**REQUIRED ACTION**
Pictures must not appear; the answer is exactly the lines from the one that holds "The Birth of Jesus Coloring Pages" through the end of the material.

Segment Start: DATASET EXTRACT

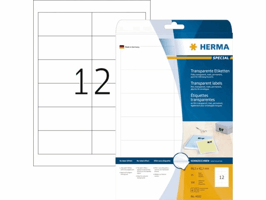 Etiket HERMA 4682 96.5x42.3mm folie transparant 300 stuks
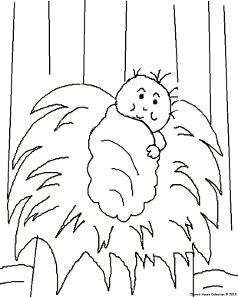 The Birth of Jesus Coloring Pages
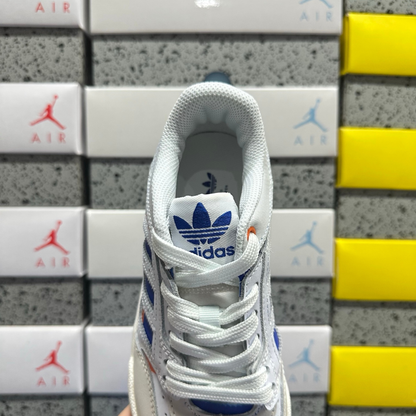 Adidas Drop Step Low - White Blue Orange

Segment End: DATASET EXTRACT

**RESPONSE AREA**
 The Birth of Jesus Coloring Pages
 Adidas Drop Step Low - White Blue Orange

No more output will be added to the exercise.